NSW education minister Adrian Piccoli has long been a critic of universities over-supplying the teacher education market. In this morning’s Australian, he is calling for caps on student places. If accepted, this would be the second course after medicine to be capped.

It would also be a major precedent, as it would set a low benchmark for justifying capping. According to employment surveys education graduates do slightly better than average in finding full-time work. Among those finding FT work, education graduates do significantly better than graduates in other fields in getting jobs that use their qualifications.
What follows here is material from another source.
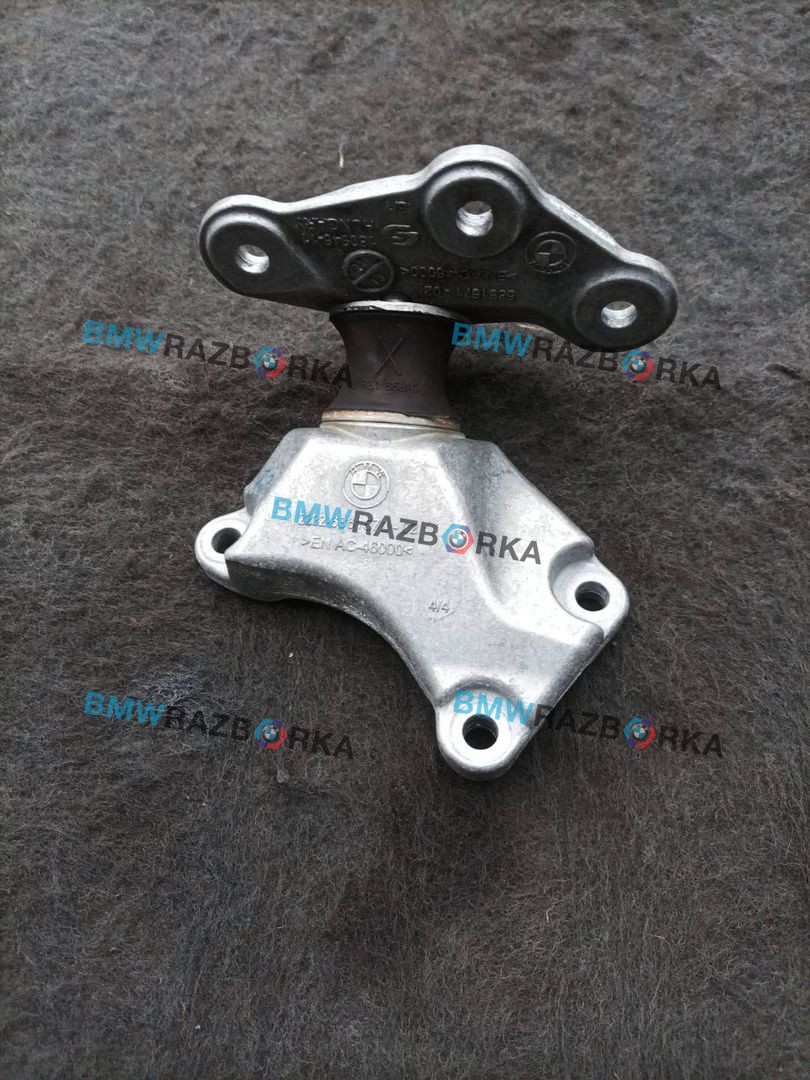 кронштейн КПП BMW X3 G01 2021, 2.0 л., B47 D20 B, дизель, АКПП, 475 black-sapphire metallic, внедорожник 5 дв., полный привод, правый руль, 6861570, 6861571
That said, full-time employment for education graduates is down 11 percentage points on 2008, the recent peak of graduate employment rates.

The strength of the demand driven system is not that student and universities will always make the right call about where the job market is going, but that it can adapt as new information becomes available. Over the last few years, the message that the teacher market is saturated has been well publicised. Commencing student numbers were already past their peak by 2015, as the chart below shows. The trend would have been further down except for a major move by Swinburne Online, which went from no students in 2014 to 8.5 per cent of the national commencing market for initial teacher education in 2015.

commecning ed students
Source: uCube

There are bigger falls in education more generally – down 10% percent in commencing students between 2014 and 2015 and 13 per cent in full-time equivalents (presumably part-time enrolments at Swinburne Online are affecting that). Under the legislation, capping occurs in full-time equivalent places, not on a head count of students.

The initial 2016 applications and offers data suggests a fall of 2.4 per cent in applications and 4.7 per cent in offers for education, so a further drop in student numbers seems likely.

Cutting student numbers under the pre-demand driven system was a slow, politically painful process. With demand driven funding, it is happening quickly with few people even noticing.

2 thoughts on “Should teacher education places be capped?

  1. ‘Demand driven’ really means, ‘flood the market with unlimited loans so the universities can scam a heap of school leavers for worthless degrees’. Its time to cap most places at Uni.